The one who’d thrown the tank roared an awful challenge, preparing to charge Carlisle. I gunned it down before it got the chance.
Several more chambers were popping open around the room now, their ghastly inhabitants stumbling out, shaking off their disorientation. Focusing on us.
“The lift,” Carlisle sent. “I’ll get the doors. Let’s move.”
I wasn’t going to argue. Especially not when the first creature I’d shot stirred and began pulling itself back to its feet, and the others shortly followed its lead.
Definitely time to go.
We ran for the mag lifts, Carlisle falling in on my flank as we reached the stairs. At the top, I spun to fire on our pursuers and cover Carlisle, but he was already there. I backpedaled toward the lift with him, firing off a few choice rounds, and nearly fell over backward when one of the creatures crashed to the platform almost on top of me from the catwalk above.
The swipe it took at my head, I ducked more out of luck than anything. Then my brain caught up, and I drove a high kick straight into the thing’s face.
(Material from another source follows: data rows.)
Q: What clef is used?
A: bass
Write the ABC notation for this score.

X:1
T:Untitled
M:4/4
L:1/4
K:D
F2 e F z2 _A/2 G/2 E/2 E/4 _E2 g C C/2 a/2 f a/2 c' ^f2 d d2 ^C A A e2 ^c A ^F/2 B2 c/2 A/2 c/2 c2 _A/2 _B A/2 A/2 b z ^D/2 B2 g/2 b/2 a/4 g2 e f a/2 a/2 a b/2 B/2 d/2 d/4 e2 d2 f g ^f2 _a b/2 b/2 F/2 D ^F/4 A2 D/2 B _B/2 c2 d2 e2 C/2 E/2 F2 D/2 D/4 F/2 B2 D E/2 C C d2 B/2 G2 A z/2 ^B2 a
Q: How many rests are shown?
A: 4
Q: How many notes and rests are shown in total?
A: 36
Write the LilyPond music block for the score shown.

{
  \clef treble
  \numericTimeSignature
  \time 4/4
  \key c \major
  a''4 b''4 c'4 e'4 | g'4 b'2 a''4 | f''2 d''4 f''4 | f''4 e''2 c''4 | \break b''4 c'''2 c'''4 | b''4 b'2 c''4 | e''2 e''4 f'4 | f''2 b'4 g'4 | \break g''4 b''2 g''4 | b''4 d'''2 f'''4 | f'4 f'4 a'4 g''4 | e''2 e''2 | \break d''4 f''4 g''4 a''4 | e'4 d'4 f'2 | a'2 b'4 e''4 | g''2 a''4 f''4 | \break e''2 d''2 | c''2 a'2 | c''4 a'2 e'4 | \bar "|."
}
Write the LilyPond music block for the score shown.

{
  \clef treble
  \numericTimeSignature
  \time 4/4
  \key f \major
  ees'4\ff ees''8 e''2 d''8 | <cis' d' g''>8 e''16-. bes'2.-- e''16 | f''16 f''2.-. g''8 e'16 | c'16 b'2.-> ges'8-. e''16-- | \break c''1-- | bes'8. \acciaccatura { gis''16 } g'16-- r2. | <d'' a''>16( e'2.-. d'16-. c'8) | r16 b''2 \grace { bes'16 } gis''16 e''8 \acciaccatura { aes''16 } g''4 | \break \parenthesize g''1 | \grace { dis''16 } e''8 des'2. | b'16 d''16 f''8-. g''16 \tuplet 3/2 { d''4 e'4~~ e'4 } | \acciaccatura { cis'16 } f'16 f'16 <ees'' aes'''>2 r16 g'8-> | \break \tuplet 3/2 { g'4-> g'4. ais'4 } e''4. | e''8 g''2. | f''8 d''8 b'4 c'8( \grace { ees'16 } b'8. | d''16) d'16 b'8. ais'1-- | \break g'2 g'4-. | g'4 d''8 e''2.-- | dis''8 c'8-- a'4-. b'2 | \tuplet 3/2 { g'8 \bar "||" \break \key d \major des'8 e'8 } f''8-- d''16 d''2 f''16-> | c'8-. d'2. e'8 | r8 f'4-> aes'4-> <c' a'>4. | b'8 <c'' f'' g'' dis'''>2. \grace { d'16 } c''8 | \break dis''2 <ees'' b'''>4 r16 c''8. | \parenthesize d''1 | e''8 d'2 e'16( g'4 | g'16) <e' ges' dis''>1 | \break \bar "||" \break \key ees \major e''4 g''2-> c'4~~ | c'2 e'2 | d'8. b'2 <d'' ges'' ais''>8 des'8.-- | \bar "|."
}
It was like kicking a hardwood statue. The reaction force sent me staggering backward for balance, but at least the creature stumbled back too. I prayed for it to hit the railing and flip over to the floor below. Instead, it caught its balance and shook my chest with a furious roar.
I raised my gun as the creature lunged. Before I could fire, though, the creature halted in midair, caught by some invisible force, and was flung off the catwalk to the ground floor below with a strangled screech.
“Move, Hal,” came Carlisle’s voice.
I turned to cover the last stretch to the mag lift at a sprint, thanking Alpha that Carlisle had already pried the doors open. They closed as soon as I was through, and it was only then I saw that we were standing not in the lift car we’d rode down in, but the dark, empty shaft. I toggled my torch on and saw that the lift cars were all waiting several stops above now, probably at ground floor.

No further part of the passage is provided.